I'm using the MT Interview tool to guide my interviews and I preface these with a short series of questions to warm up the candidate and test their preparation. Questions include:

1) Tell me about yourself.

2) Tell me what you know about our company.

3) What are your expectations for this position?

4) Tell me what you know about our industry.

5) Give me your thoughts on the pro's and con's associated with using Net Promoter as a KPI (Net Promoter experience is listed as required experience in the job posting they responded to)

6) What's the coolest thing you've seen on the Internet lately and why? (we're an Internet company, so I want to know how deeply seated their passion for the Internet is)

7) Tell me about your mentors. Who are they? How and why do they inspire you?

8) Tell me about your commitment to management and the steps you've taken to develop your craft (again, the original job posting clearly indicates that I'm looking for someone who is committed to management craft and development)

9) What are your views on accountability? (and again, this question is telegraphed in the job posting).

From these, I then go into the behavioral questions and we generally finish up after about 75-90 minutes.

Quite a few candidates stumble on the setup questions I listed above. They make it quite clear that they haven't done their background research or don't have the requisite experience to meet my expectations. If they can't tell me anything about the basic structure of our industry or present a reasoned opinion on Net Promoter, there isn't a chance that I'll hire them.

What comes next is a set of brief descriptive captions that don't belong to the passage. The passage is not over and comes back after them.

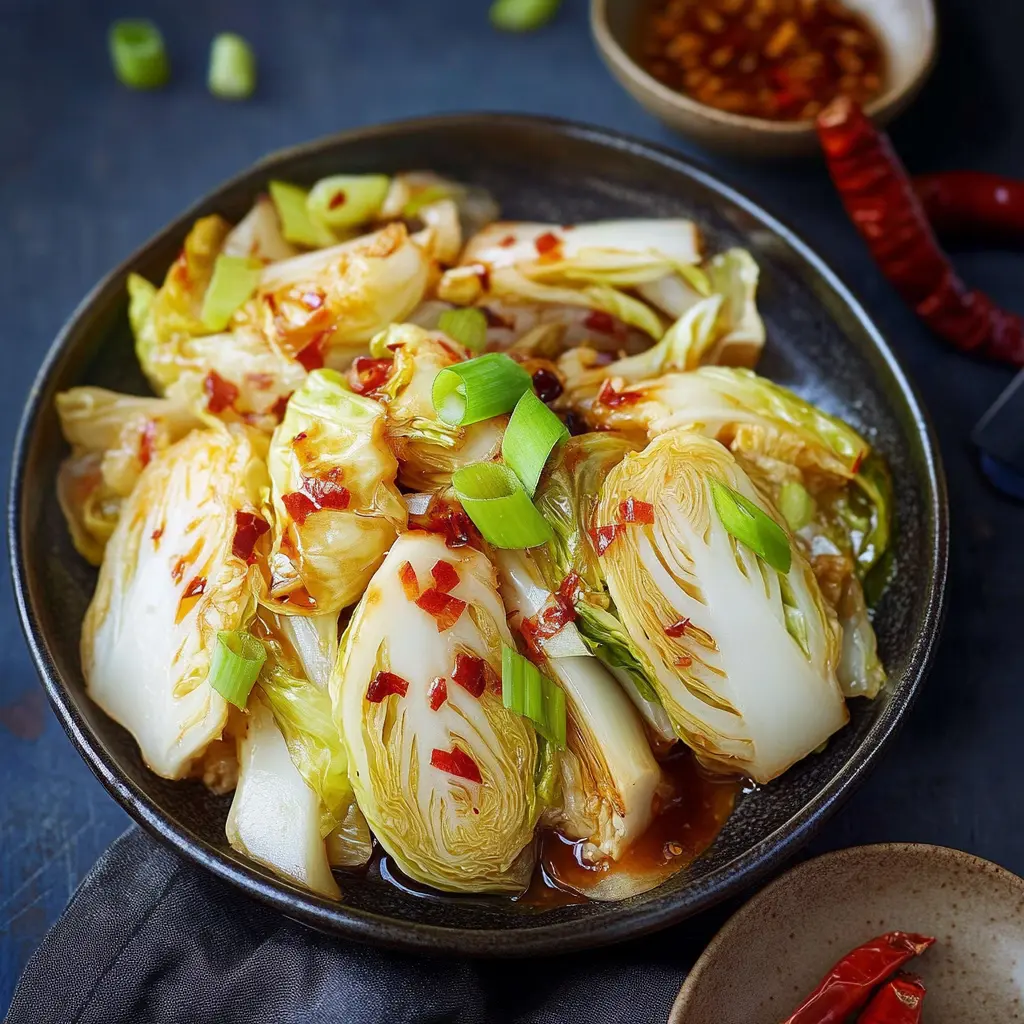 Stir-fried Napa Cabbage with Hot Sour Sauce - Central view showcasing clean and vibrant ingredients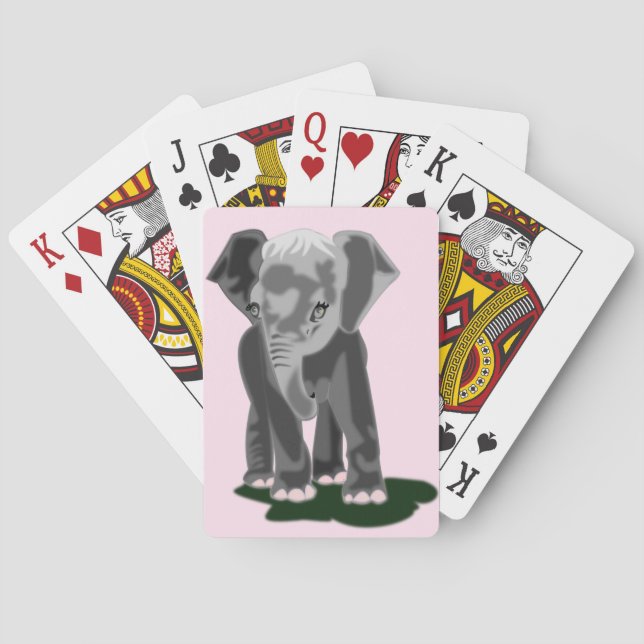 Baby Elephant-uppspelningskort Casinokort (Baksidan)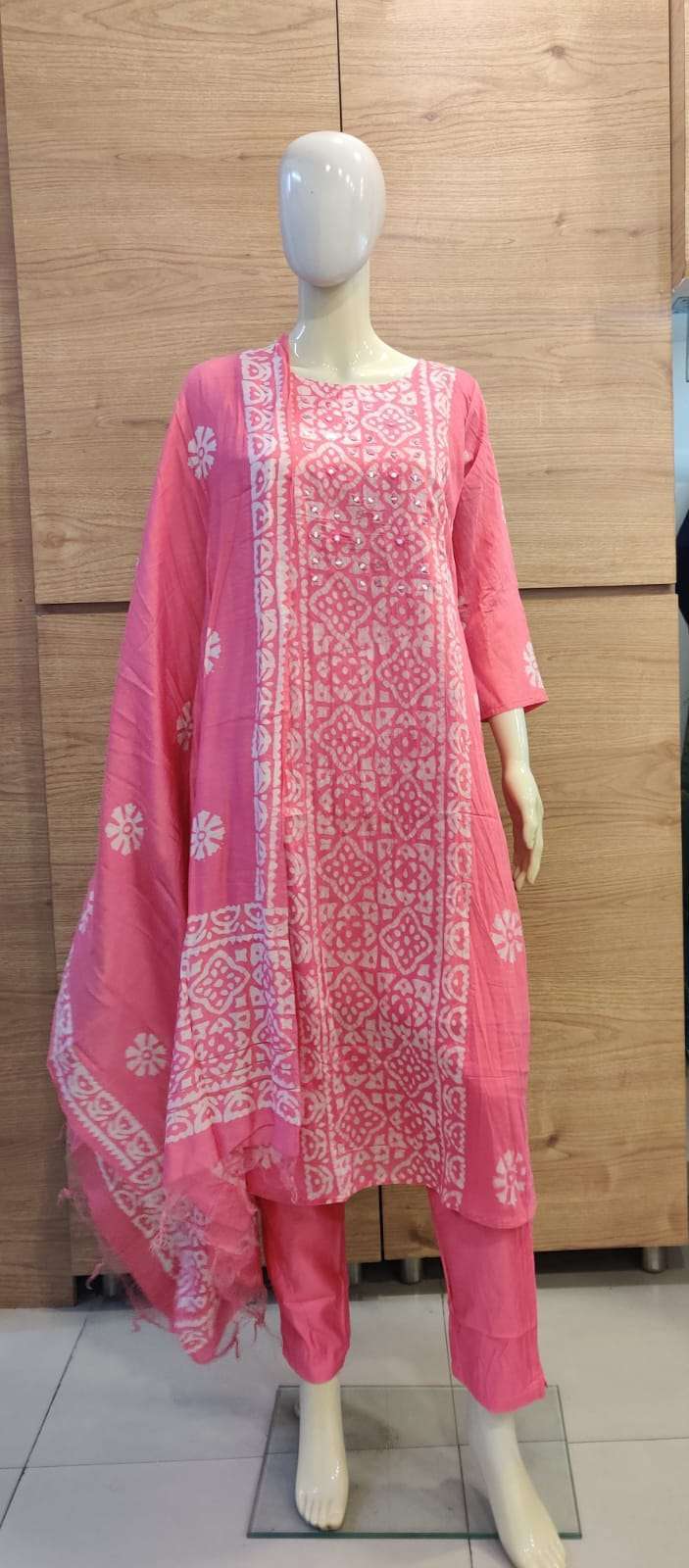 pr batik 3 piece kurti pant with dupatta set combo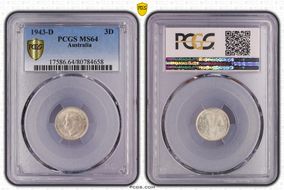 1943-D 3D KM-37  Ag MS64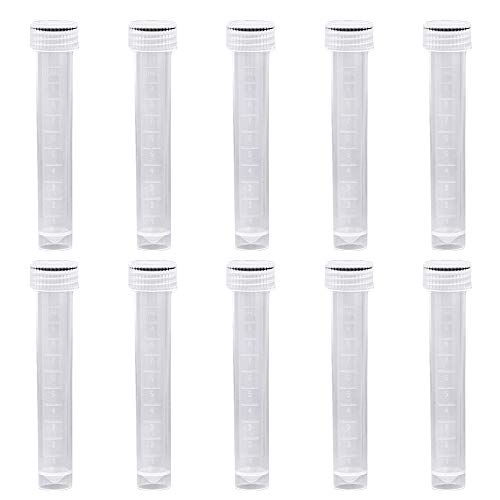 Yohii 20Pcs 10ml Test Tubes Vial Screw Cap Vial Seal Cap Container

Which brings me to the question I'd love to get some feedback on. What do I do at this point? Should I trudge through the rest of the interview knowing that there's no chance that the candidate will make the shortlist? Should I cut it short and use the remaining time to get caught up on email? It happened to me this afternoon, and I found myself begrudgingly going through the motions for 75 minutes knowing full well what the outcome would be. Thinking about the interview on my way home, I realized that if one of my directs came to a meeting equally unprepared that I'd ask them to reconvene at some other time when they were more prepared. So if I'm not willing to make the investment (i.e. waste time) with a direct who has the job, do I really owe a complete stranger a pro forma interview out of some misguided sense of politeness?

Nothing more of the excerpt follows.